Hinsichtlich des unstreitigen und streitigen Vorbringens der Parteien in erster Instanz wird auf den Tatbestand des erstinstanzlichen Urteils (Bl. 250/252 d.A.) verwiesen.
Das LG hat durch Grund- und Teilurteil (Bl. 249 d.A.) berichtigt durch Beschluss vom 20.8.2013 (Bl. 289/293 d.A.) die Beklagte dem Grunde nach verpflichtet, aus dem Montageunfall vom 28.10.2010 gegen 7.15 Uhr (Unfallort: Bauvorhaben W. straße 16,... W.) an den Kläger ein Schmerzensgeld unter Berücksichtigung einer Mitverursachungsquote von 50 % nebst Zinsen hieraus i.H.v. 5 Prozentpunkten über dem Basiszinssatz seit 27.1.2011 zu bezahlen (Urteil Ziff. I.). Die Beklagte wurde weiter dem Grunde nach verpflichtet, an den Kläger Schadensersatz unter Berücksichtigung einer Mitverursachungsquote von 50 % sowie entsprechende Rechtsanwaltskosten zu bezahlen, soweit derartige Ansprüche nicht auf Sozialversicherungsträger oder sonstige Dritte übergegangen sind (Ziff. II.). Zudem wurde festgestellt, dass die Beklagte verpflichtet ist, dem Kläger unter Berücksichtigung einer Mitverursachungsquote von 50 % sämtlichen materiellen und immateriellen Schaden aus dem Montageunfall vom 28.10.2010 gegen 7.15 Uhr (Unfallort: Bauvorhaben W. straße 16,... W.) zu erstatten, soweit derartige Ansprüche nicht auf Sozialversicherungsträger oder sonstige Dritte übergegangen sind (Ziff. III.). Im Übrigen hat das LG die Klage abgewiesen (Ziff. IV.) und die Kostenentscheidung der Schlussentscheidung vorbehalten (Ziffer V.).
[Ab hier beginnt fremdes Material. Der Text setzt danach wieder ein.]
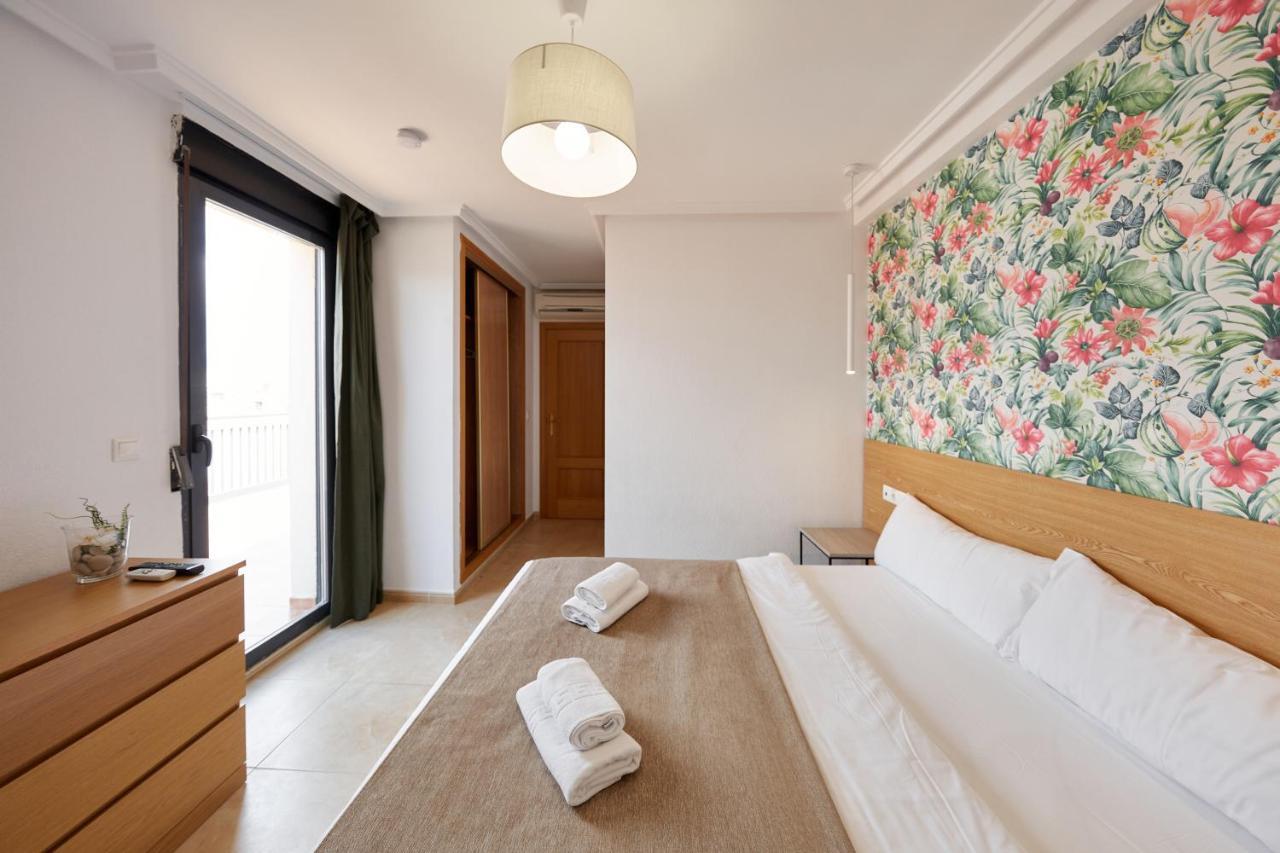 Apartamentos Wayteko Alicante Buitenkant foto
Das LG hat wie folgt ausgeführt:
Die Beklagte habe ausdrücklich und rein bezogen auf das Verschließen der streitgegenständlichen Tür zum Technikschacht eine Verkehrssicherungspflicht übernommen. Davon sei das Gericht überzeugt aufgrund der Aussagen der Zeugen L., R. und B. Die Haftung der Beklagten sei auch nicht nach den Grundsätzen des sog. gestörten Gesamtschuldverhältnisses beschränkt. Eine Haftungsprivilegierung gem. § 106 Abs. 3 Alt. 3 SGB VII liege nicht vor, da sich der Unfall nicht auf einer gemeinsamen Betriebsstätte ereignet habe. Der Kläger müsse sich allerdings ein Mitverschulden i.H.v. 50 % anrechnen lassen. Hinsichtlich der näheren Einzelheiten wird auf die Entscheidungsgründe des landgerichtlichen Urteils (Bl. 253/257 d.A.) verwiesen.
Gegen das Urteil haben der Kläger (Schriftsatz vom 5.8.2013 = Bl. 308/310 d.A.) und die Beklagte (Schriftsatz vom 5.8.2013 = Bl. 314/315 d.A.) Berufung eingelegt.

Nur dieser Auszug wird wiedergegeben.